Others defended me, saying it had been photoshopped, but they were also confused. Why was the Encyclopaedia of Socialism and Socialist Struggles lying next to the sofa? A academic who supported the regime even published a serious and detailed analysis, in which he wrote things like: ‘It may seem paradoxical that both poles of the Cold War have come together in one photo, but in fact both have the goal of alienating Turkey from its own values.’
But what was really behind this photo? Why had I wrapped myself in the US flag? A few years ago a friend and I made a documentary about Deniz Gezmiş, the legendary student leader during the 1968 protests. We went days without sleep as we pored over books on the history of socialism in my friend's production studio and tinkered with the film.
One of the first political actions undertaken by Deniz and his friends was a protest against the US fleet that visited Turkey in 1968. On Istanbul's Taksim Square, students burned an American flag and then threw US soldiers who had come ashore into the sea. We acquired a US flag to symbolise this scene. We wanted to use it in the documentary by burning it in the background as we recounted the story of this protest. The night before we filmed the scene, I fell asleep in the office after many hours of editing work.

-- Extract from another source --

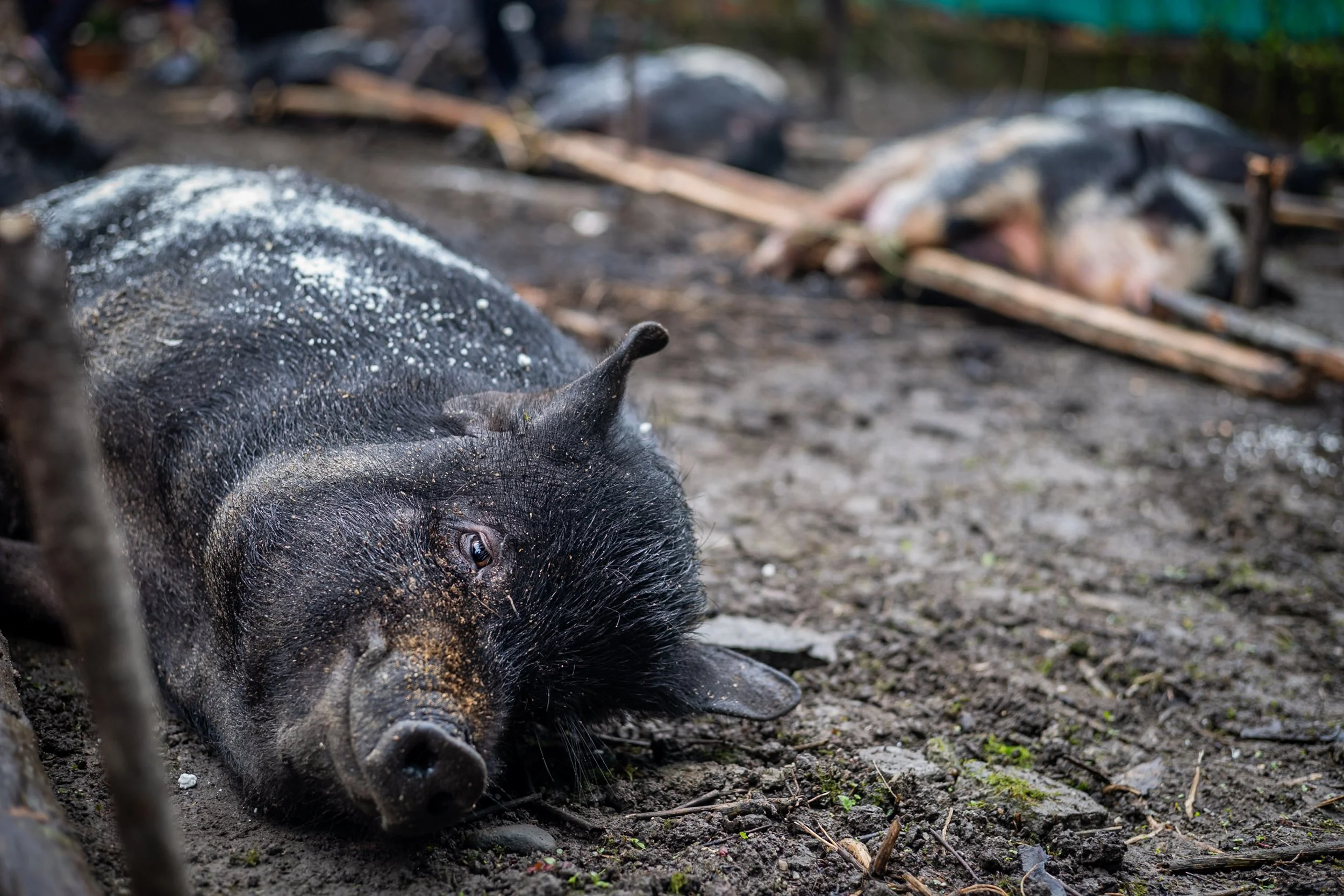 Trussed pigs for offering in Apatani village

My friend, the director of the documentary, decided to have a bit of fun by covering me in the flag that we were going to burn the next morning – as it was the only ‘blanket’ in the room. The fact that the regime’s faithful media turned this flag into a big deal had its funny side. But the scary side was that the photo had been stored on my old phone, which the police had confiscated. On that same day, at a signal from Erdoğan, the police had provided the obedient press with the photo from my phone.
They were capable of all kinds of crimes, and on that day I was convinced of it yet again. But it all had consequences. One week later I ascertained that my column had not appeared in Cumhuriyet. I became suspicious. Because that was never a good sign in the history of the Turkish press. Whenever the phrase ‘This article could not appear due to a technical malfunction’ appeared in place of the column, it was clear that this was not a technical, but a political, malfunction.
On 18 November I was due to receive the Hermann Kesten Prize at the German PEN Centre in Darmstadt from the hands of Tagesthemen news anchor Thomas Roth. The writer Hermann Kesten was forced to leave his country during the Nazi regime and lived in exile for many years. The PEN centre offered refuge to writers in exile.
The photo had been stored on my old phone, which the police had confiscated. On that same day, at a signal from Erdoğan, the police had provided the obedient press with the photo from my phone.
As my car pulled up at the hotel where the award ceremony was taking place, Dilek called and told me the real reason why my column had not been printed. Along with the police who had passed on the photo, the public prosecutor had also taken action. He had a meeting with one of the newspaper’s managers, who had to testify at a hearing, and said about me: ‘A warrant is out for his arrest. Why are you continuing to let him write?’
Normally the response would have been: ‘That’s none of your business’, but these were not normal times. Our colleagues were behind bars, they were hostages, so to speak. Regardless of the content, the government was bothered that I was writing at all. And the fact that it was so concerned meant that it would not leave our people alone.
Certain lawyers said it would be better if I didn't write for a while. I had always resisted pressure and had never said to one of our writers: Don’t write! Not even to those who thought they had to teach me behind my back. It came as a bitter blow that now, after I had fought so long for freedom – in order to protect my detained colleagues – I was no longer allowed to write in the newspaper of which I had been editor-in-chief until just three months previously.
Normally I would have resigned immediately. But in the midst of this storm, such a resignation would have been given a different interpretation and it would only have harmed me, the newspaper, and my colleagues in prison. So I just had to accept it in silence. I said nothing. And so Cumhuriyet, the drum that I had once beaten so loudly, closed without a murmur.
But I would continue to fight for this newspaper. And that wasn’t all. I was politely told that it would be better if I did not go to the Alternative Nobel Prize, which was being awarded to the newspaper for its recent journalistic successes and its determined campaigning for the truth. I was told it might not look good if someone who was wanted by the police represented the newspaper at the award ceremony. ‘As you like’, I said and pulled out.